You could video record the interviews you do, or go ‘live’ on a social platform and upload that video. Another idea is to video yourself offering some top tips from your show and then pointing people to your podcast for even more great content.
For example, you could do a video on “5 Tips to DeClutter Your House in a Weekend.” Share those tips and then say ‘to hear five more,’ or, ‘for more great tips to de-stress your life, subscribe to the XYZ podcast for free. Links (to your website) can be found in the description below.’ Tease some value. Answer questions.
How to rank in YouTube
Even if you create amazing videos, it doesn’t mean that people are going to discover you. Here are some tips on how to rank in YouTube:
Make videos that are five minutes or longer
YouTube wants to keep people on its site, so it ranks longer videos better as long as people stay on the site and watch them (you won’t rank if you post a 20-minute video but people leave after 30 seconds). So how do you hook your audience and get them to stay?
Follow Brian Dean's PPP Formula
Brian Dean, founder of Backlinko, runs all sorts of tests to find out what actually moves the needle when it comes to ranking in YouTube. He has more than 247,000 subscribers to his channel, on which he shared his PPP formula:
Preview - Get right to the point of your video. Within the first 15 seconds, viewers should know what they’re going to get.
Proof - Who are you? Why are you qualified to be talking about this?
Preview - Tell people what they’ll learn in a slightly different way, give an example or go deeper in some way.
Another great tip Brian gives is to have a really specific call to action at the end of the video. Ask them a question and tell them to write the answer in the comments.
What is your ideal listener searching for on YouTube? Use relevant keywords in your video title, with the most import word or phrase at the beginning, and in your description and tags for the video. VidIQ shows you what videos are doing well and what tags people are using, including your competitors. Check out the tags of videos similar to yours that are doing well and use those same tags.
Also use keywords specific to your show that you’ll use across all your videos so that if someone watches one of your videos, more will appear as suggestions in the sidebar.
Create thumbnails that pop
You want people to click on and engage with your videos, but how do you get them to click in the first place? In addition to using a title with the right keywords, use a thumbnail that will grab attention.
The thumbnail is the still image for your video that shows up in search. You may have noticed that in a lot of these thumbnails, people are making dumb faces or have big, bold text. This is to set themselves apart from similar videos and get you to choose them.
Tell people about your video
The first 24 hours after publishing your video are crucial. Share on social. Let your email list know there’s a new video. Ask viewers to like and comment. The more likes and comments you get, the higher your video will rank.
This means you have to have comments enabled. This gives a lot of people -- most people? -- angst because YouTube can be a vicious place. You could create the perfect, most life-changing video, and a troll will still hate on you for no reason.
Any kind of comment counts toward engagement, so that troll could help boost your rankings.
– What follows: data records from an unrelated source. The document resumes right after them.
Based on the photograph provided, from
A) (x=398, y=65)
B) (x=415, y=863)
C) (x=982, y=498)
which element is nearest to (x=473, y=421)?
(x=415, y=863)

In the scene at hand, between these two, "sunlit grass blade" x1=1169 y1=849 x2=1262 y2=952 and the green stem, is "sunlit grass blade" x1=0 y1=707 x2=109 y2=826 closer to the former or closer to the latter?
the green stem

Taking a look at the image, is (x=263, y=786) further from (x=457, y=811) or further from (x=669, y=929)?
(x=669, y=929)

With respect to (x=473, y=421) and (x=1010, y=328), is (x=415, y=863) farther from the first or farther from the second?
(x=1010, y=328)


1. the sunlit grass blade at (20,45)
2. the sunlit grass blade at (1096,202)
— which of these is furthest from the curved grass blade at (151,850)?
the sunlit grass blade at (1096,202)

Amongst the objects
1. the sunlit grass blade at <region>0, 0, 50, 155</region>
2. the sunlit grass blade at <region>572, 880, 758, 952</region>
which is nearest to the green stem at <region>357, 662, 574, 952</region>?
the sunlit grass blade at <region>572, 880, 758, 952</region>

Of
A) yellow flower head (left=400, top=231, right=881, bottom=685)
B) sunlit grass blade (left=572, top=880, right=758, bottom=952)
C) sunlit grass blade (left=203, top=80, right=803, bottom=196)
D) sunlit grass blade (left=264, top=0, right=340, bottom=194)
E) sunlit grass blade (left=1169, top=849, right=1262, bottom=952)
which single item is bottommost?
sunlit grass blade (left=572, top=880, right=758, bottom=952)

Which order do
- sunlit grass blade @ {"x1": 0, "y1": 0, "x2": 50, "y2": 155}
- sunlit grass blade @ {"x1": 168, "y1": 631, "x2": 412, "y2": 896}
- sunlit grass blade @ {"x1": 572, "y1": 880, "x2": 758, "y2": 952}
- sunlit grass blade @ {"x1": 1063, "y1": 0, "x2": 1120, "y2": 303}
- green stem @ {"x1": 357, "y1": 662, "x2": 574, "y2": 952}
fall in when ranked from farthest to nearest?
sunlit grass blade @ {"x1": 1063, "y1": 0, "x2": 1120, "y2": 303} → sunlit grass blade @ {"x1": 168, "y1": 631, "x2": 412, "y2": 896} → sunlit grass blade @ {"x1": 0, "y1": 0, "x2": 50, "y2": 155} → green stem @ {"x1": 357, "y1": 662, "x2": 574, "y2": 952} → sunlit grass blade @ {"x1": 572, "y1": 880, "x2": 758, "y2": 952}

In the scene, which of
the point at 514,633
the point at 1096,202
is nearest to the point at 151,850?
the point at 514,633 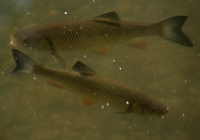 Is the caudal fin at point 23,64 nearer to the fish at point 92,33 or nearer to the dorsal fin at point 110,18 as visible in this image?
the fish at point 92,33

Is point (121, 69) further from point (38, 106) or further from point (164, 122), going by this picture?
point (38, 106)

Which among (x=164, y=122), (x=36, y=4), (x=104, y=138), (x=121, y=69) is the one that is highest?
(x=36, y=4)

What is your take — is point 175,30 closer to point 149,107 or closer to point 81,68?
point 149,107

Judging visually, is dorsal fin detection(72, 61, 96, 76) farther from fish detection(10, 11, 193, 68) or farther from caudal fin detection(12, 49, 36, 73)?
caudal fin detection(12, 49, 36, 73)

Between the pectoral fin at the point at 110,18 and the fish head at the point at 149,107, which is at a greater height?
the pectoral fin at the point at 110,18

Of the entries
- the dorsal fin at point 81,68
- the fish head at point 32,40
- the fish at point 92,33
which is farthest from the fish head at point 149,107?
the fish head at point 32,40

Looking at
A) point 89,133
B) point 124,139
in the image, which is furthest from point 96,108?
point 124,139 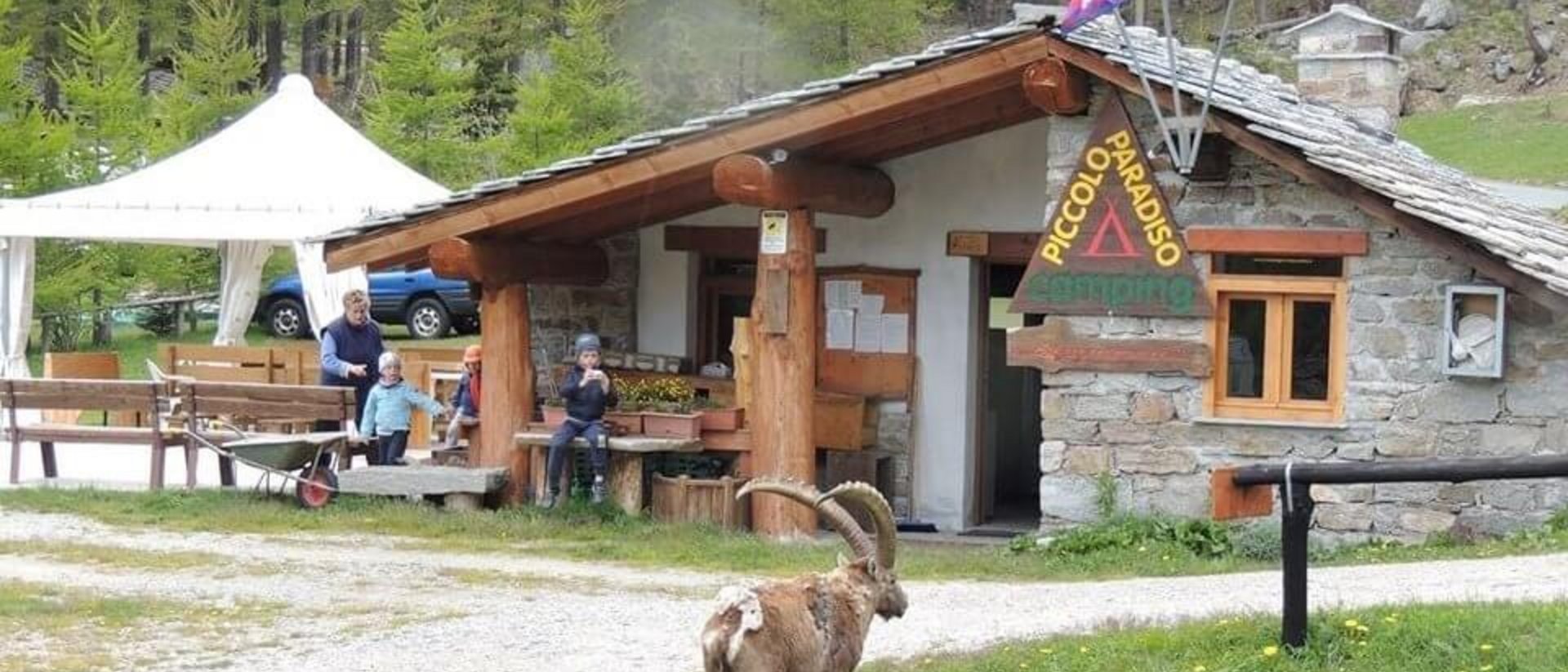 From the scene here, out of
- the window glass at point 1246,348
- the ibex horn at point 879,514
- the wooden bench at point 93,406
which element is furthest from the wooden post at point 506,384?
the ibex horn at point 879,514

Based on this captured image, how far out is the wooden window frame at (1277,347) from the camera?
13.5 m

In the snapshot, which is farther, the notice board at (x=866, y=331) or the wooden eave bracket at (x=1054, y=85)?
the notice board at (x=866, y=331)

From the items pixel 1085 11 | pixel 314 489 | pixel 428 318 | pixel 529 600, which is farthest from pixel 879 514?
pixel 428 318

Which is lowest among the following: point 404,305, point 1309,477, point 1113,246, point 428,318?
point 1309,477

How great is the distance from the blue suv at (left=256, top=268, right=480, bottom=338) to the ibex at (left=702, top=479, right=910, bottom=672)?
24.7m

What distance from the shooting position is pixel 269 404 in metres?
15.9

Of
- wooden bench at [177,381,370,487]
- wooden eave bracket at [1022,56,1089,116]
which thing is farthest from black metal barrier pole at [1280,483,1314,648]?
wooden bench at [177,381,370,487]

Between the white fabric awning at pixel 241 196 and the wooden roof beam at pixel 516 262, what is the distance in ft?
15.2

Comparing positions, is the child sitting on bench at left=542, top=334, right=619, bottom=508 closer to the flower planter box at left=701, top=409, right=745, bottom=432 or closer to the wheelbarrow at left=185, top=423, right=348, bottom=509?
the flower planter box at left=701, top=409, right=745, bottom=432

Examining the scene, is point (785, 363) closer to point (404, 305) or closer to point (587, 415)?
point (587, 415)

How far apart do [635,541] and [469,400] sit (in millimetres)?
2532

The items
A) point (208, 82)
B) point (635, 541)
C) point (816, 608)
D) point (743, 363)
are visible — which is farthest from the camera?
point (208, 82)

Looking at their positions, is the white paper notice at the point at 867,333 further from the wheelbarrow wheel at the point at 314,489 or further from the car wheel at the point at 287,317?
the car wheel at the point at 287,317

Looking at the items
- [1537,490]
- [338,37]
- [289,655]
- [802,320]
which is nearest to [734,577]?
[802,320] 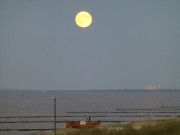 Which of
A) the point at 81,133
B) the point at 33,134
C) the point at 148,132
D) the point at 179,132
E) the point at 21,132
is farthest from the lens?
the point at 21,132

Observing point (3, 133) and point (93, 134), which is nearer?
point (93, 134)

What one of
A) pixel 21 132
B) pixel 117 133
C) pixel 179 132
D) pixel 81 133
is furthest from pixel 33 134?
pixel 179 132

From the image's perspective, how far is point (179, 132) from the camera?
17.4 metres

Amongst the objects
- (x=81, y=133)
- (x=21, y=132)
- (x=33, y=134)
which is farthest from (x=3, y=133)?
(x=81, y=133)

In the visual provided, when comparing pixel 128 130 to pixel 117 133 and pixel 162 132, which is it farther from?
pixel 162 132

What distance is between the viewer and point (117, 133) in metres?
18.8

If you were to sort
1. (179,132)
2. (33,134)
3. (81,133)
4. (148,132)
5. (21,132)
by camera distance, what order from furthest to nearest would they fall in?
(21,132) → (33,134) → (81,133) → (148,132) → (179,132)

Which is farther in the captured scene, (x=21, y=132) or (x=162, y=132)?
(x=21, y=132)

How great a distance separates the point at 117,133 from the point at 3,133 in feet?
103

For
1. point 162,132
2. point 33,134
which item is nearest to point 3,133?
point 33,134

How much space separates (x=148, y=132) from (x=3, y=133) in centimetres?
3300

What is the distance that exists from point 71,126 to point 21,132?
34.3 ft

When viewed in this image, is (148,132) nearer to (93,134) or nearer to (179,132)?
(179,132)

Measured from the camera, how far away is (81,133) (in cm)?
2038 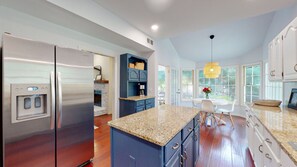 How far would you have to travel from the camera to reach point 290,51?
1.51m

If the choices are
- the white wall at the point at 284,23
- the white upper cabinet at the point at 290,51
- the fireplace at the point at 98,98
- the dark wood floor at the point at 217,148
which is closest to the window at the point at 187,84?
the dark wood floor at the point at 217,148

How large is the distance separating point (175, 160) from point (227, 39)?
13.6 ft

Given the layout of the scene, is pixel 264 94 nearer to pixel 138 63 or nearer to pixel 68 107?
pixel 138 63

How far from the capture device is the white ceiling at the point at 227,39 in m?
3.33

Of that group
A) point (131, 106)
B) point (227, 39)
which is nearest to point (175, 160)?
point (131, 106)

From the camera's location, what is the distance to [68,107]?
1.61 meters

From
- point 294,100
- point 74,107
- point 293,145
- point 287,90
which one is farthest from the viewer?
point 287,90

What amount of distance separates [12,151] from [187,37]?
181 inches

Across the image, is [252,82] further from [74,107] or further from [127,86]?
[74,107]

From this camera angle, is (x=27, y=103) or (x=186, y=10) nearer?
(x=27, y=103)

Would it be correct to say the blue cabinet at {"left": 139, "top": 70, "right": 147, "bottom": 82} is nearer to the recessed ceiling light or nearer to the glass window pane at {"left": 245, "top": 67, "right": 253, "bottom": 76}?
the recessed ceiling light

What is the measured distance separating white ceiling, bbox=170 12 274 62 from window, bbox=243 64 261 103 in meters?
0.64

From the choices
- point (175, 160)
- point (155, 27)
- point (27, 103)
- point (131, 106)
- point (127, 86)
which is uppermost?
point (155, 27)

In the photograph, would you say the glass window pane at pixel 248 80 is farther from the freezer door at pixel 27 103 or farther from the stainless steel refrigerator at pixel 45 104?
the freezer door at pixel 27 103
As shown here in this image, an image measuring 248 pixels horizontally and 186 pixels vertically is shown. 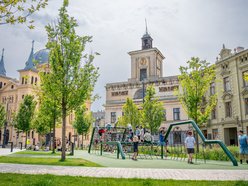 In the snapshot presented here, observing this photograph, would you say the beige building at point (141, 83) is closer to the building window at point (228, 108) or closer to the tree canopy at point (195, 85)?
the building window at point (228, 108)

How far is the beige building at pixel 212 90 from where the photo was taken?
32219mm

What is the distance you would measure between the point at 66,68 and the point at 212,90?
2851 cm

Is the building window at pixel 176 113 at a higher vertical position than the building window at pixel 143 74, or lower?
lower

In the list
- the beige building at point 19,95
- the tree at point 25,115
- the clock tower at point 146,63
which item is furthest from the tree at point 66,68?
the beige building at point 19,95

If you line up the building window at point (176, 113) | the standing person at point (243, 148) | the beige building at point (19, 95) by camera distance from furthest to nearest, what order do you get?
the beige building at point (19, 95), the building window at point (176, 113), the standing person at point (243, 148)

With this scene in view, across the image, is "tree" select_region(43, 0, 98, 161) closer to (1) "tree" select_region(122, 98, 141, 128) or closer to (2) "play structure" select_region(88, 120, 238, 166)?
(2) "play structure" select_region(88, 120, 238, 166)

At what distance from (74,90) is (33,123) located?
1025 inches

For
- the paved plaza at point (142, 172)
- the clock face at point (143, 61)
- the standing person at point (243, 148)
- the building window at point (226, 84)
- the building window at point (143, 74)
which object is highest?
the clock face at point (143, 61)

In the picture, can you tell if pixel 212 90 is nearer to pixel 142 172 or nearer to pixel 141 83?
pixel 141 83

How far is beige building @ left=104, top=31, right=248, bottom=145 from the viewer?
32219 millimetres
But if you want, you can set up your YouTube channel so that comments are moderated before they go live.
To sum all this up
You definitely do not have to be on YouTube. I would focus on your podcast if you’re just starting out. One thing at a time.
But if you want to be on YouTube, post real videos and not fake ones. You only have so many hours in a day, so spend them on what you enjoy and on what you and others find value in -- not on YouTube vids that people abandon after a few seconds.